Find the line containing "Momentos de angustia" in the entries below. Restate it and each line after it, word for word, up to and including the line containing "Used 2024 Chevrolet Equinox LT FWD image 3".

__Record excerpts__:
Start of Block

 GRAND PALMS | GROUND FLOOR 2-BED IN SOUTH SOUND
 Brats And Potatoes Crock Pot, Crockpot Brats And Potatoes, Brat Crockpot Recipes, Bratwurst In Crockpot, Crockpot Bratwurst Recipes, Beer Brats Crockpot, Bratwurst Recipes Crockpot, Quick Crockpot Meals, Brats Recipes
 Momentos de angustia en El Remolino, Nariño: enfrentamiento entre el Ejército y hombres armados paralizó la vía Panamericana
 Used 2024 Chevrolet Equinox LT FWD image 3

End of Block
Start of Block

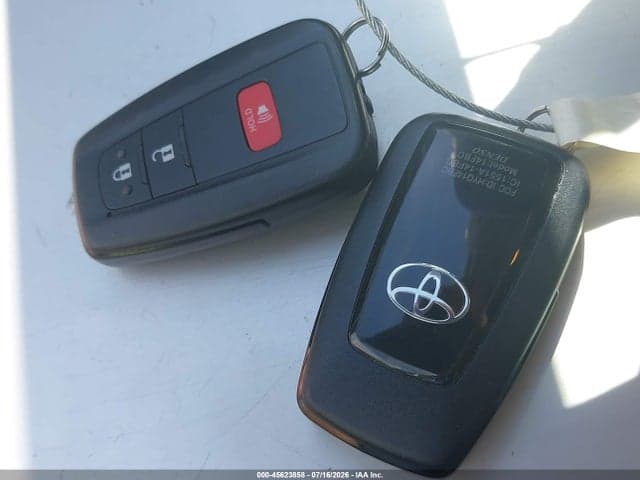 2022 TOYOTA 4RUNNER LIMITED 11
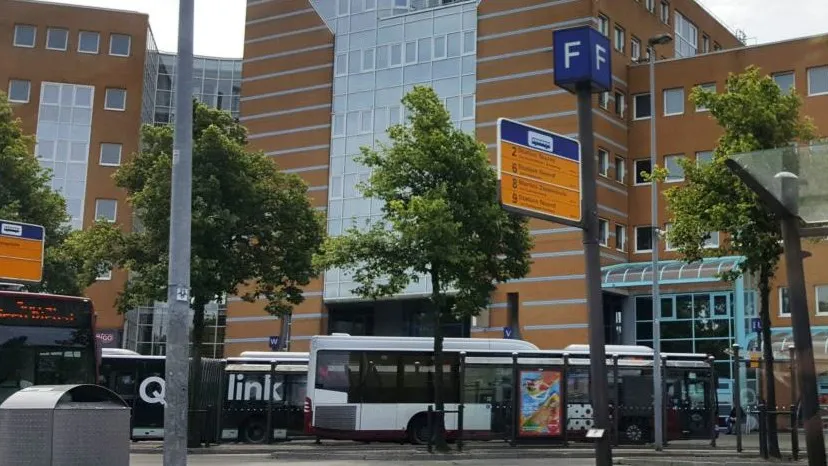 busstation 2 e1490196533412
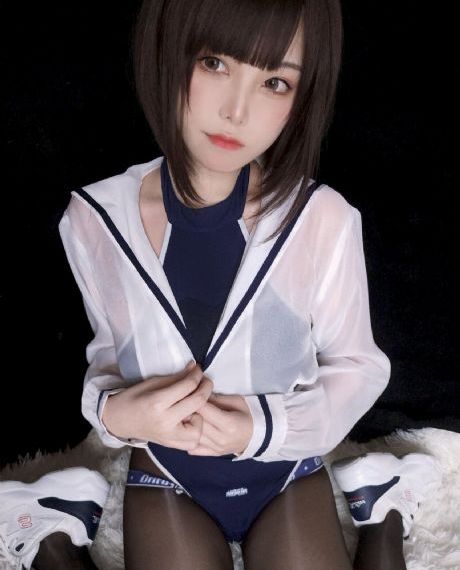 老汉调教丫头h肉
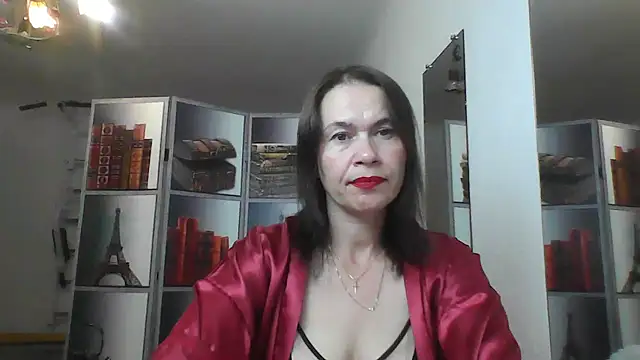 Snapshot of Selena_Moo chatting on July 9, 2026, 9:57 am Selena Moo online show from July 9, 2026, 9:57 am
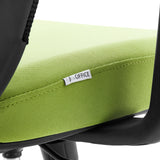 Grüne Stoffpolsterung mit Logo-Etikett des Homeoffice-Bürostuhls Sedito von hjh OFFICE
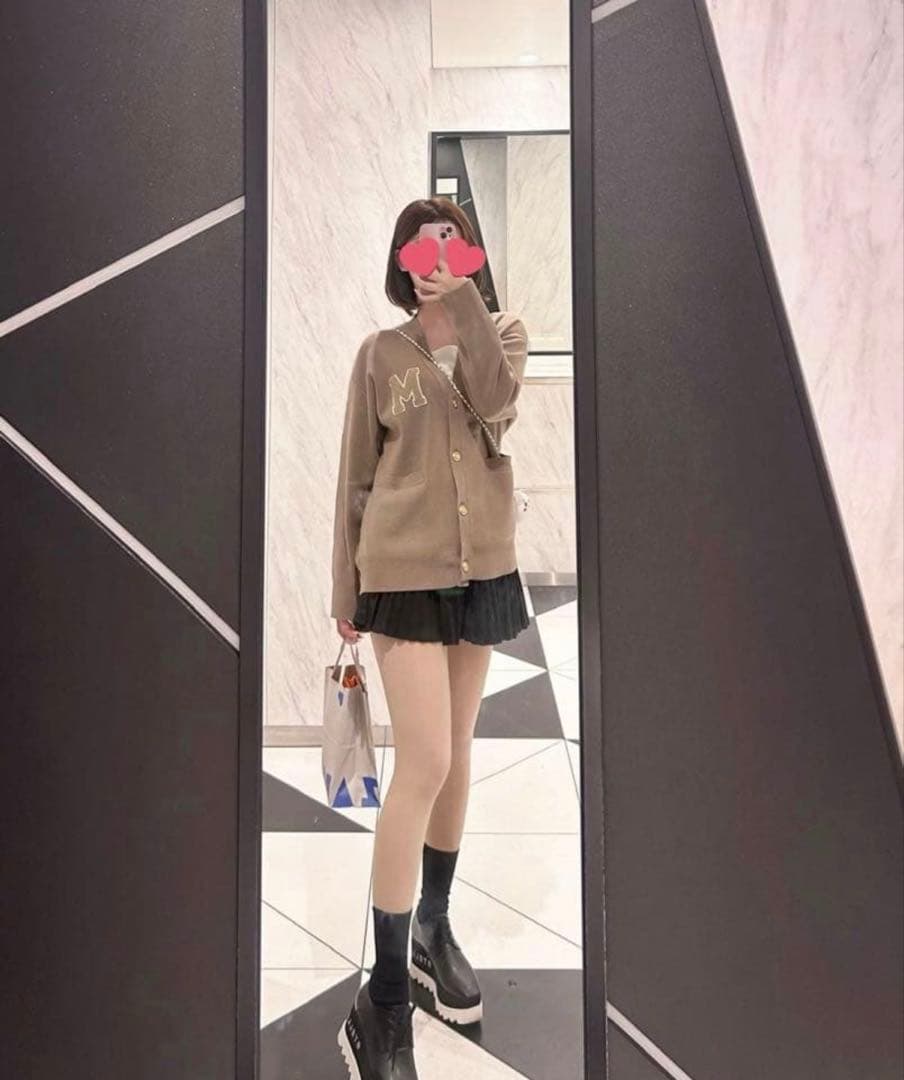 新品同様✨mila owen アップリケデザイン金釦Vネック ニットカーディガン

End of Block

__Response box__:
 Momentos de angustia en El Remolino, Nariño: enfrentamiento entre el Ejército y hombres armados paralizó la vía Panamericana
 Used 2024 Chevrolet Equinox LT FWD image 3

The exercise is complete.